ACTIVITY
Copy out the data in full and exactly, passing over the pictures.

__________

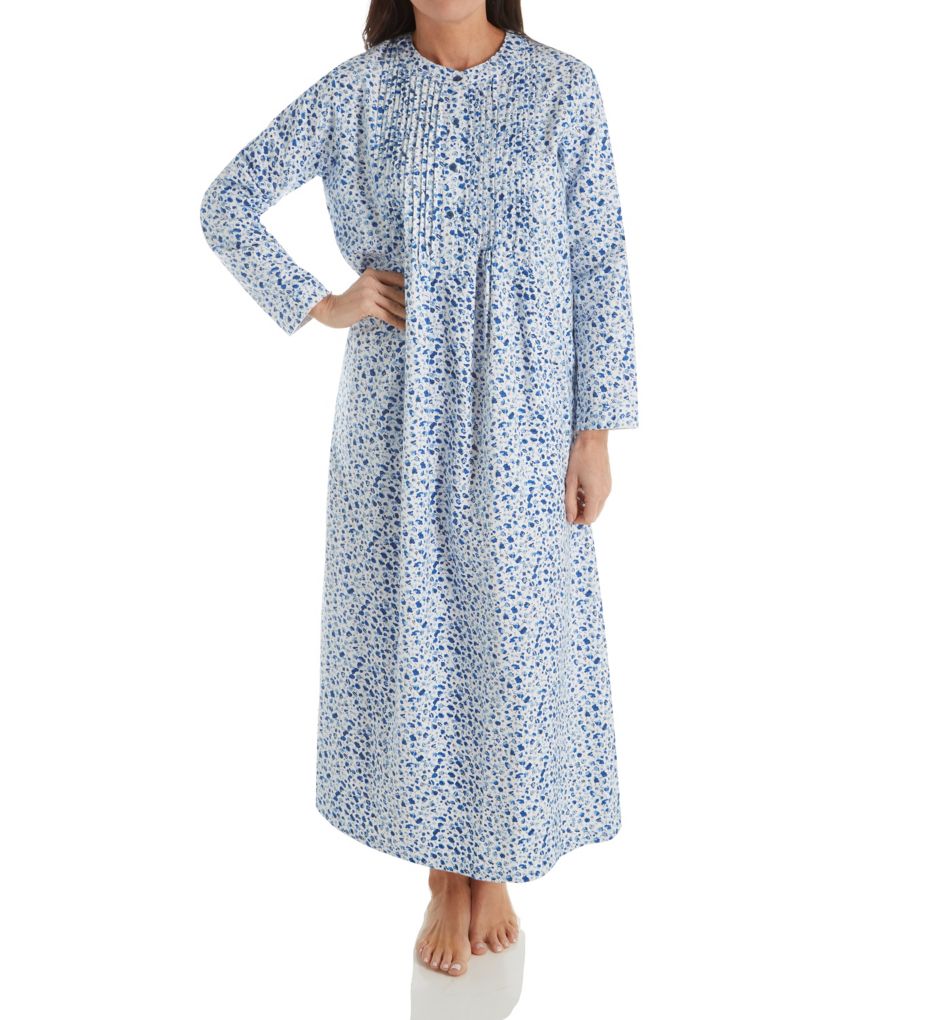 100% Cotton Long Sleeve Pleat Front Gown-fs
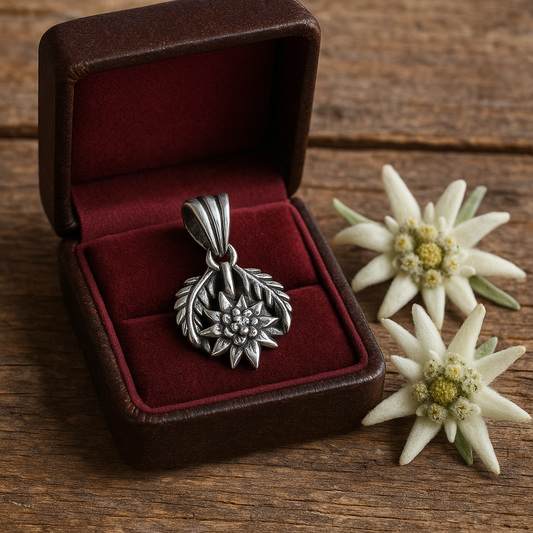 Pendente in argento 925, tedesco, stella alpina Edelweiss
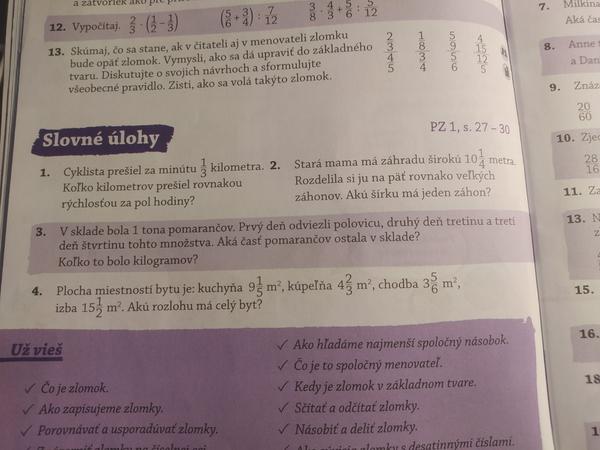 Zlomky - kontrola príkladov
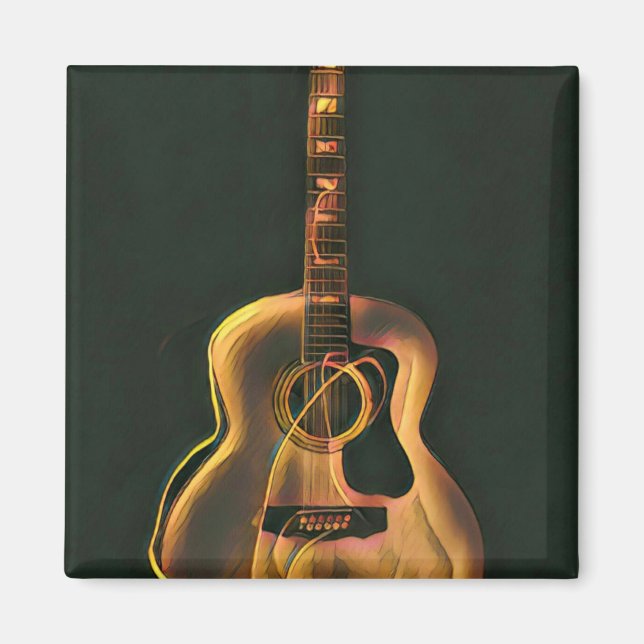 Aimant cadeau guitariste cool (Devant)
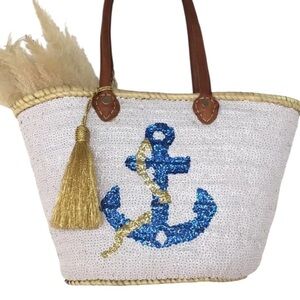 Handmade Moroccan Sequin Anchor Beach Tote Basket Bag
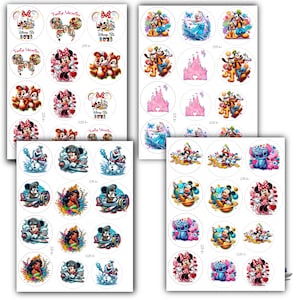 May include: Sheets of circular stickers featuring various Disney characters, including Mickey and Minnie Mouse, Chip and Dale, and characters from Frozen. The stickers are colorful and include the text "Family Vacation 2023". Each sticker is approximately 2.75 inches in diameter.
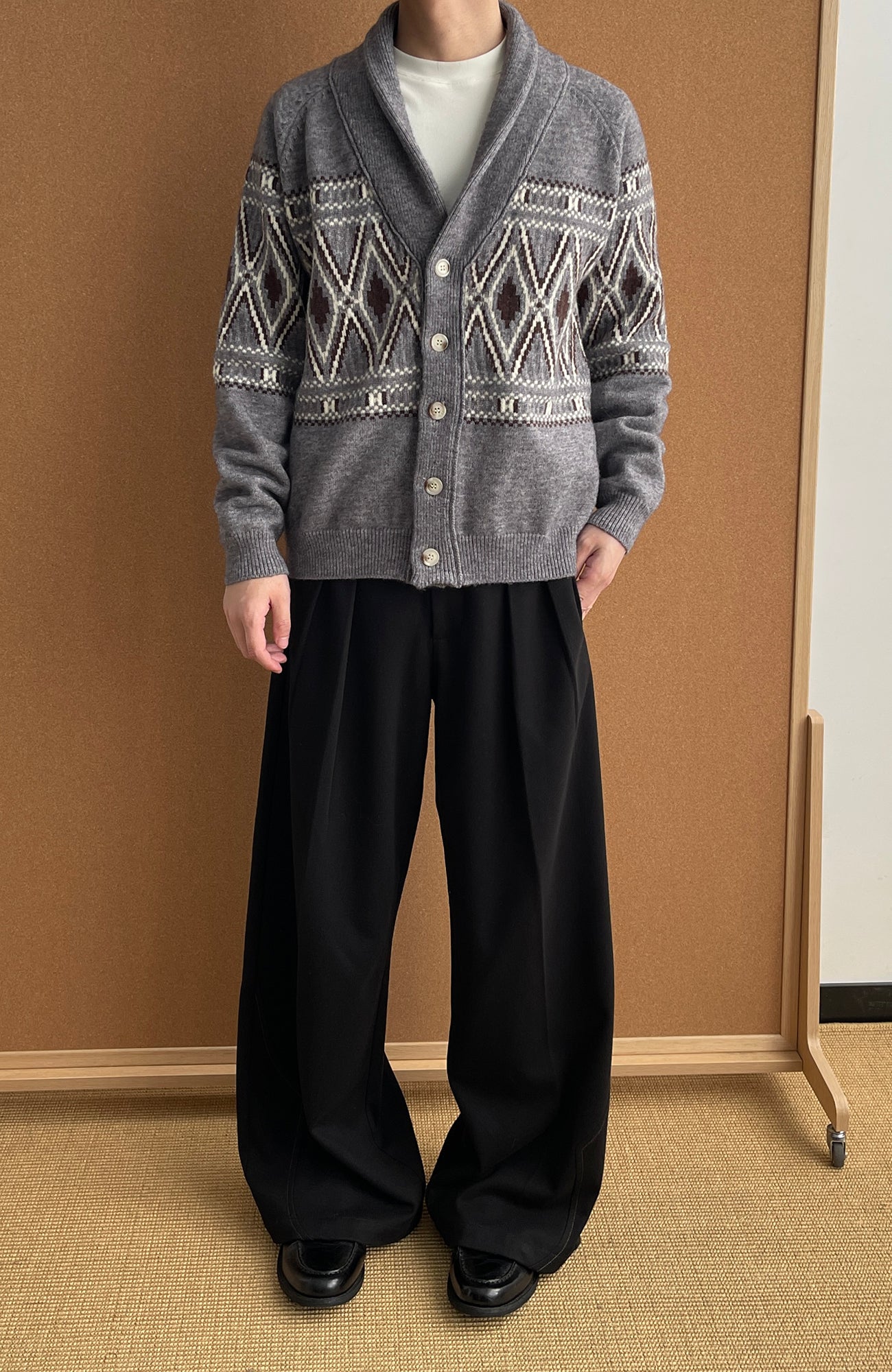 OKAYTHXBYE Fair Isle Shawl Collar Cardigan-Jacket-S (Preorder)-Beige-Free Shipping Leatheretro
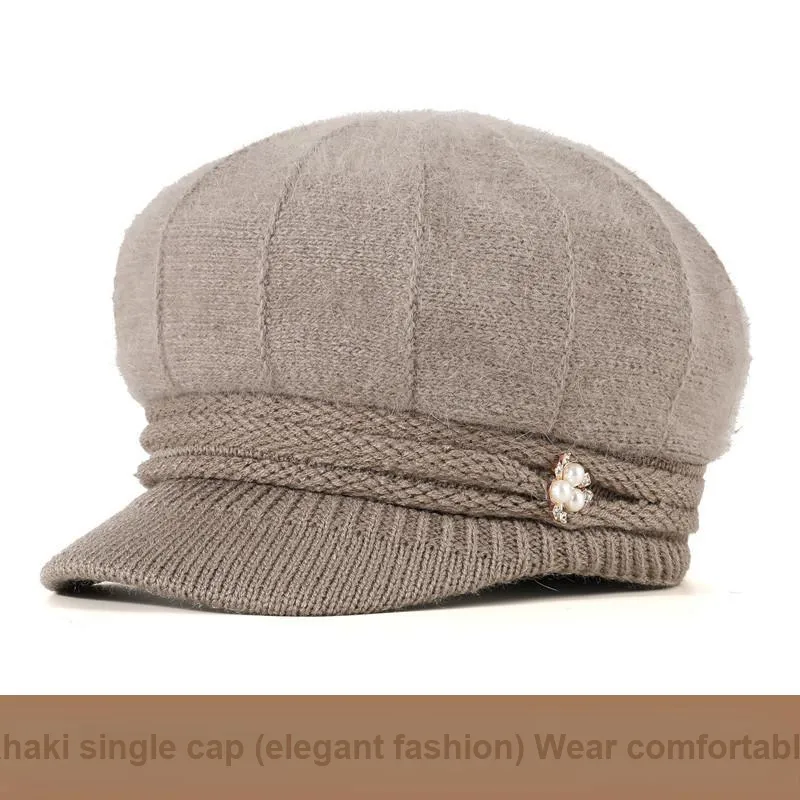 Top Melon Rabbit Fur Blend Beanies Women's-4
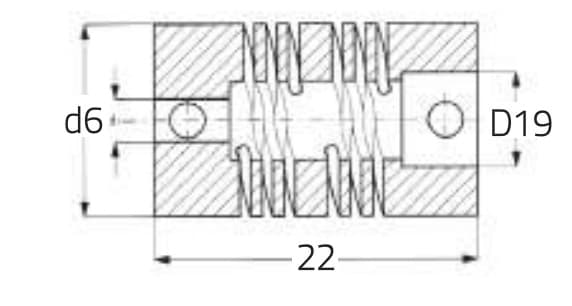 DATASENSING SRL DTG95B081300 FAC06-06 FLEX ALUMINIUM COUPLING 6MM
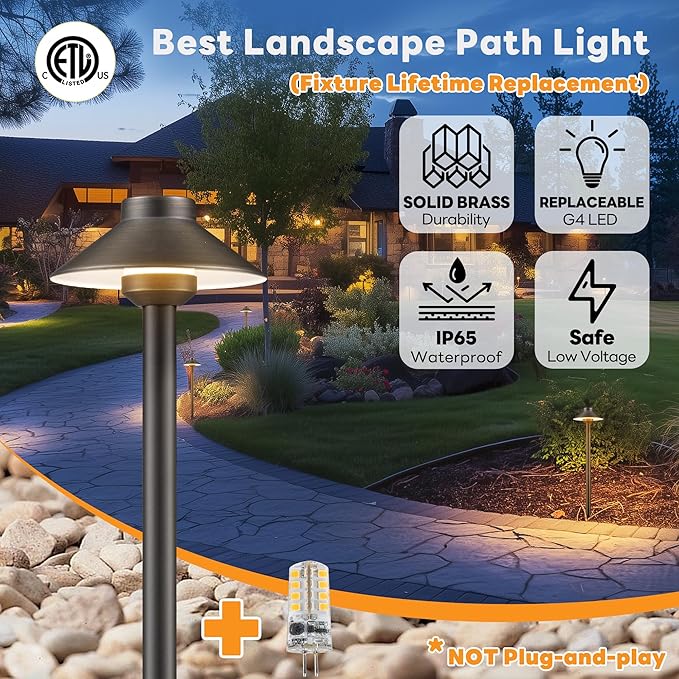 Gardenreet Solid Brass Pathway Light - 12v Landscape Path Lights Outdoor Waterproof, Electric Walkway Lamp Wired, Hat Shape Antique Bronze Garden Decoration with 3W 270LM 2700K G4 Bulb (12 Pack)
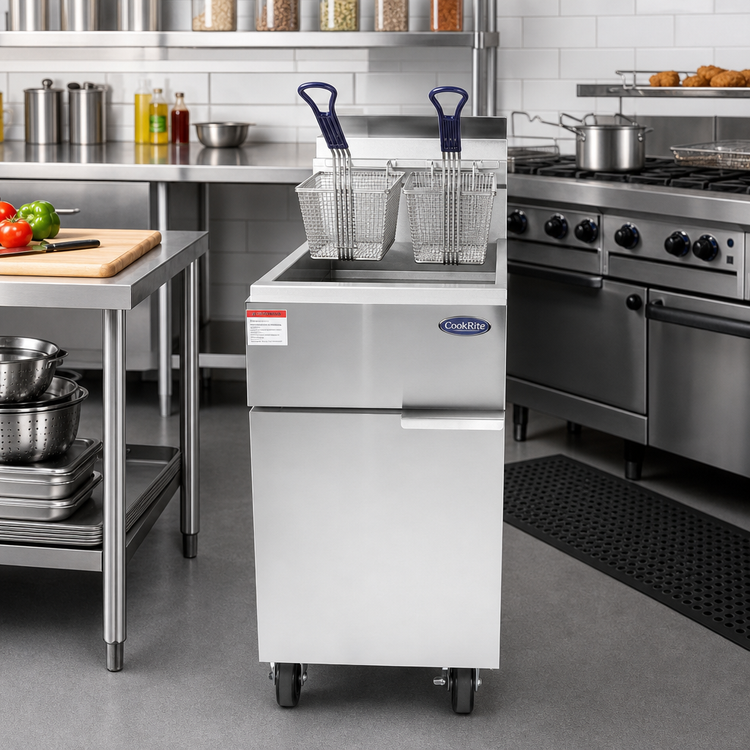 Product image #1 for Atosa Cook Rite 40 lb. Propane Floor Model Deep Fryer, 3-Burner Manual Control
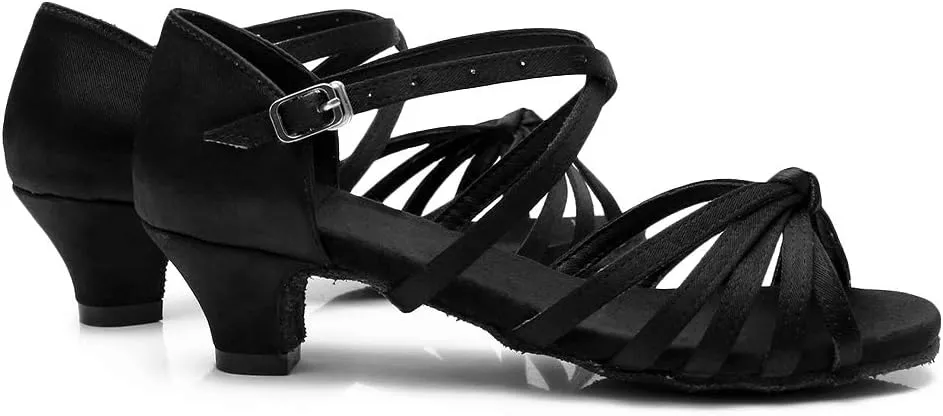 TINRYMX Girls&Women Latin Dance Shoes Silk Ballroom Salsa Tango Professional Performance Practice Dance Shoes,Model-SS-TL-ZSXGG/202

__________

ANSWER SECTION
 100% Cotton Long Sleeve Pleat Front Gown-fs
 Pendente in argento 925, tedesco, stella alpina Edelweiss
 Zlomky - kontrola príkladov
 Aimant cadeau guitariste cool (Devant)
 Handmade Moroccan Sequin Anchor Beach Tote Basket Bag
 May include: Sheets of circular stickers featuring various Disney characters, including Mickey and Minnie Mouse, Chip and Dale, and characters from Frozen. The stickers are colorful and include the text "Family Vacation 2023". Each sticker is approximately 2.75 inches in diameter.
 OKAYTHXBYE Fair Isle Shawl Collar Cardigan-Jacket-S (Preorder)-Beige-Free Shipping Leatheretro
 Top Melon Rabbit Fur Blend Beanies Women's-4
 DATASENSING SRL DTG95B081300 FAC06-06 FLEX ALUMINIUM COUPLING 6MM
 Gardenreet Solid Brass Pathway Light - 12v Landscape Path Lights Outdoor Waterproof, Electric Walkway Lamp Wired, Hat Shape Antique Bronze Garden Decoration with 3W 270LM 2700K G4 Bulb (12 Pack)
 Product image #1 for Atosa Cook Rite 40 lb. Propane Floor Model Deep Fryer, 3-Burner Manual Control
 TINRYMX Girls&Women Latin Dance Shoes Silk Ballroom Salsa Tango Professional Performance Practice Dance Shoes,Model-SS-TL-ZSXGG/202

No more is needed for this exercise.